Leí en cierta ocasión que las palabras apenas si transmiten el 7% de su significado y que el lenguaje corporal y el tono de la voz se ocupan del resto. Si es así, ¿cómo afecta al lenguaje corporal el hecho de que dos interlocutores estén inevitablemente tan próximos, como ocurre en un viaje, durante horas?, ¿y al tono de voz? Puesto que es obvio que, de entrada, la voz debe ser modulada acorde con la corta distancia entre los dos pasajeros, que luego se fatiga por la propia duración del viaje, y que se ajusta también con el hecho de que la conversación se dé en un lugar público. Esto significa que no solo las palabras importan poco, sino que el condicionante del lugar pesa de manera muy significativa. Sabedor de ello, unido a mi proverbial obsesión por sacar el beneficio máximo de situaciones extraordinarias donde nada me acucia como cuando se está en casa o en el trabajo para poder leer o incluso escribir, huyo de cualquier persona que, sentada a mi orilla, quiera emprender cualquier tipo de conversación, sea banal, ilustrada o trascendente. El mutismo, que raya la mala educación, es mi estrategia.
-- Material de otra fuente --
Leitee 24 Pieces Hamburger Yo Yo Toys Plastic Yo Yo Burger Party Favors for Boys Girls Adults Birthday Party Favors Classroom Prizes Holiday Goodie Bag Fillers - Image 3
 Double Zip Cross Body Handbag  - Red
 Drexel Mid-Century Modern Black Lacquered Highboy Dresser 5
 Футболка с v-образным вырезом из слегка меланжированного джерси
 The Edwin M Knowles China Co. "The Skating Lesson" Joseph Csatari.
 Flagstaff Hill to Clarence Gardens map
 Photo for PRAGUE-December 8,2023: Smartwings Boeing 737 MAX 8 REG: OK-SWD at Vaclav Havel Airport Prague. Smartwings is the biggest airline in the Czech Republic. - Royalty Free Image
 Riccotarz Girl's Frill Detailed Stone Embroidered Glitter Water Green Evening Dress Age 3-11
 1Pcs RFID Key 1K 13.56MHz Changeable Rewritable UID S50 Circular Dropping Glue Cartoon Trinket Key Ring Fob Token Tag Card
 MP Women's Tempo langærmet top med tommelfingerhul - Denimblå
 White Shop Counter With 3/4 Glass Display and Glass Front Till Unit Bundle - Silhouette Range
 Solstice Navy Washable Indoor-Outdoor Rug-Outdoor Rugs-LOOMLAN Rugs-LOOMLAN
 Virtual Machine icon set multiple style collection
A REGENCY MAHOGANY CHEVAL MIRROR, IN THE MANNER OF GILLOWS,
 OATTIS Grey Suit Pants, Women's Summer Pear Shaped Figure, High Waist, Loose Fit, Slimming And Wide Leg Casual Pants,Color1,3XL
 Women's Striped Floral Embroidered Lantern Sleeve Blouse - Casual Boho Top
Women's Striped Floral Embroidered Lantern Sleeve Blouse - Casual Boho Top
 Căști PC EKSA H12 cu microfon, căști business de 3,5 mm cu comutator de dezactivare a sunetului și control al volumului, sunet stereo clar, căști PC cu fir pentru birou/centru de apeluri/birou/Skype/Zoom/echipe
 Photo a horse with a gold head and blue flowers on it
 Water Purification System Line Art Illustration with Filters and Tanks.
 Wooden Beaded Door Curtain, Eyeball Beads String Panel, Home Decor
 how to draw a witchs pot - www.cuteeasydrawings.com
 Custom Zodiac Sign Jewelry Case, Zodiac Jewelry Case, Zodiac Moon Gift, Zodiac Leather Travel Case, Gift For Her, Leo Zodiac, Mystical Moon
Mi amigo, sin embargo, es todo lo contrario pues él es el mayor acosador verbal que conozco. No concibe no inmiscuirse en las cosas del pasajero a su lado: de las razones del viaje y de las veces que lo hace, pasa a cuestiones más personales, profesionales, familiares, incluso se enreda en discusiones de raíces filosóficas. No siempre es material para sus libros, pues es escritor, simplemente enloquece a la hora de escuchar historias que él sonsaca de modo muy profesional. A las palabras que escucha, él no incorpora el lenguaje corporal ni el tono de su interlocutor, más bien lo que hace es acompasarlas con ficciones que, a la vez, él va intuyendo que son coherentes con el personaje que tiene a su vera u otro similar. Siente que el azar le brinda esas posibilidades invariablemente cuando viaja. Otros, como es mi caso, permanecemos mudos.